[Items from a data source]
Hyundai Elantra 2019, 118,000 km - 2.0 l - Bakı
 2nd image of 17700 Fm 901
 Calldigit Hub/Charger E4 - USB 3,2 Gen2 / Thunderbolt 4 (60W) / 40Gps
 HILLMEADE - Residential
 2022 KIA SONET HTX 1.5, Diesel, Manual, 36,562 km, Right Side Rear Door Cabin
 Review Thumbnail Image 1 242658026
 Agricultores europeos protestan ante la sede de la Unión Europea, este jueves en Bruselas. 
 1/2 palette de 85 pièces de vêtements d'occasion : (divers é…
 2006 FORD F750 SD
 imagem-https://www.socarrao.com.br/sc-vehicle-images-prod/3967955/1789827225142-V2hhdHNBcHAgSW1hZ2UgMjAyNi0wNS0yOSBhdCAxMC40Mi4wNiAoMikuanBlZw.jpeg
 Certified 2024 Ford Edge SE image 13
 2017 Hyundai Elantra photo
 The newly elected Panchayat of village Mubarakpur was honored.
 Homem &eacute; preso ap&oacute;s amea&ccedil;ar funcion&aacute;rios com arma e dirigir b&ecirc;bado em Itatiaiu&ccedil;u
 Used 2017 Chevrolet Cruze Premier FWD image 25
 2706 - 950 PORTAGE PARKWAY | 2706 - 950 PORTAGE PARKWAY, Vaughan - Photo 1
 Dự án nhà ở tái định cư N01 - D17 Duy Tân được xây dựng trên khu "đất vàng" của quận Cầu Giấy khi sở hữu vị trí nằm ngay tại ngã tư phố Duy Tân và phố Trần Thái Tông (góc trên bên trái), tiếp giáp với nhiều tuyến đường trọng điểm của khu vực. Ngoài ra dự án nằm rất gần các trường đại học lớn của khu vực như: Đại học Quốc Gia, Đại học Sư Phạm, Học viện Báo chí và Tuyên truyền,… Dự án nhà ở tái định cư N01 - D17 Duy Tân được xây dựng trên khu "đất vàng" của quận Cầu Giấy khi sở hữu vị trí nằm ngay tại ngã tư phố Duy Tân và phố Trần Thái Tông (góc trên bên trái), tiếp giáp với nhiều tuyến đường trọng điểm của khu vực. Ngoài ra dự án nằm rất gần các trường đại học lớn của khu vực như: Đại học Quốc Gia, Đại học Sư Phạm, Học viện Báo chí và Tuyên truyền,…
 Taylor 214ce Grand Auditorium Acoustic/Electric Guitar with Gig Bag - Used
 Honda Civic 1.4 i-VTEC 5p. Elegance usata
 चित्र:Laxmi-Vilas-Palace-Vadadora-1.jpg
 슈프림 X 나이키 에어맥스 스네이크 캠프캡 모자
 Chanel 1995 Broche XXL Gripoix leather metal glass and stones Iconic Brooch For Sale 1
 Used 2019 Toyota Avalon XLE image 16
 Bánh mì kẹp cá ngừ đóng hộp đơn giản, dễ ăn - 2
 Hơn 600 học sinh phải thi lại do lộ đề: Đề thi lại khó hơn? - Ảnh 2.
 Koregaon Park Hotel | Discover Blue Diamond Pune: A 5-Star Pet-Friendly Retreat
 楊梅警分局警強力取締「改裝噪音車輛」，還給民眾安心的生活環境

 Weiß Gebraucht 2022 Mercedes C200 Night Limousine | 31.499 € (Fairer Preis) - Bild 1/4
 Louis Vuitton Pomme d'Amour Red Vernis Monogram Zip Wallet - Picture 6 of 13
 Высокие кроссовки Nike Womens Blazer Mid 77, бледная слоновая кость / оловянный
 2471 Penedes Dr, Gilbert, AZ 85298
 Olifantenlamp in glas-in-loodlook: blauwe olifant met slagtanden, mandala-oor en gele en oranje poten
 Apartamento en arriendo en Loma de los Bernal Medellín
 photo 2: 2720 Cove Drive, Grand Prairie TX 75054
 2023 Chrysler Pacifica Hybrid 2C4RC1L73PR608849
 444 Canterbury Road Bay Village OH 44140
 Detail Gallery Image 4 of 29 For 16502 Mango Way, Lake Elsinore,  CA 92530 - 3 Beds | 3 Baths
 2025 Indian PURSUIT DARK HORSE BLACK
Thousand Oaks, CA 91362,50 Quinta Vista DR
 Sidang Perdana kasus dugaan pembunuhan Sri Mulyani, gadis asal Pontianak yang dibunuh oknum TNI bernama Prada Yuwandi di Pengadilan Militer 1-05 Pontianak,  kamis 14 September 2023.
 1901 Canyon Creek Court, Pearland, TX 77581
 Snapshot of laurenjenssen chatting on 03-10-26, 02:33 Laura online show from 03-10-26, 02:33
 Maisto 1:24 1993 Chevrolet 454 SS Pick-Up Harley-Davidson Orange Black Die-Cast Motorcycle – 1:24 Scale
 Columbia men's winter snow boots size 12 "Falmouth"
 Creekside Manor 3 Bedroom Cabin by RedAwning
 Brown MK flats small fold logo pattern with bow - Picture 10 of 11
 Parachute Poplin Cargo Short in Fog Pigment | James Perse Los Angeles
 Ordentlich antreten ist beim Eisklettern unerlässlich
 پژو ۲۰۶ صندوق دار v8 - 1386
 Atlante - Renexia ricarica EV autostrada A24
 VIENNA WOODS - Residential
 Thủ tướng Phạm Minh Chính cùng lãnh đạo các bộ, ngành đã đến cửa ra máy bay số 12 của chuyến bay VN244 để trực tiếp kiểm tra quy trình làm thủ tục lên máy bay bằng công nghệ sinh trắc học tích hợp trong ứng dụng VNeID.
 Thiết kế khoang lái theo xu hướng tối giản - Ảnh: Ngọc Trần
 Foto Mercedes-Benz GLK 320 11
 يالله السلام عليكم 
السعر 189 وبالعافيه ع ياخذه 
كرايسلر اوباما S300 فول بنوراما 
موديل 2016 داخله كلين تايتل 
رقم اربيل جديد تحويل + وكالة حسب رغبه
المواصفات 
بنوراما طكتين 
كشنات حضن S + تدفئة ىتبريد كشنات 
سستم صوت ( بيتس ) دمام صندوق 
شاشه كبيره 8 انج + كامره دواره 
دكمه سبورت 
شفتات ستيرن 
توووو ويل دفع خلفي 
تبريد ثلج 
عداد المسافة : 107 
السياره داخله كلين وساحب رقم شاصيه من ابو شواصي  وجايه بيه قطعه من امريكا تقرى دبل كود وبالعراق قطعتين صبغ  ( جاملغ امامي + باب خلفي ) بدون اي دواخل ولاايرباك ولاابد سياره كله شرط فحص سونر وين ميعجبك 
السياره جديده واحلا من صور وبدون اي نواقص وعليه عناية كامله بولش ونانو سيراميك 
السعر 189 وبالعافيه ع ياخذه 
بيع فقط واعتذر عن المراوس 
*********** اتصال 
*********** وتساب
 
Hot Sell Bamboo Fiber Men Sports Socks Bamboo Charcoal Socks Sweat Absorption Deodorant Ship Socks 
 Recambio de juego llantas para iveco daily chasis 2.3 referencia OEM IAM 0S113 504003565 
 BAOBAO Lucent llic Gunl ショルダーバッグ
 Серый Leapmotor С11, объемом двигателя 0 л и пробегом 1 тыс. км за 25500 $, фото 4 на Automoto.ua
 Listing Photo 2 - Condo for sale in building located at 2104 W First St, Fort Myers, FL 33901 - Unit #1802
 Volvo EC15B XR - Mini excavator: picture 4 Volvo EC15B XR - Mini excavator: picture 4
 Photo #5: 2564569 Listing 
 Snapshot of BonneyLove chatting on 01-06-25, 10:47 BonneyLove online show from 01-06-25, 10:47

AIM OF THE TASK: Every line above that has the string "Grand" needs to be copied.

RESPONSE AREA:
 Taylor 214ce Grand Auditorium Acoustic/Electric Guitar with Gig Bag - Used
 photo 2: 2720 Cove Drive, Grand Prairie TX 75054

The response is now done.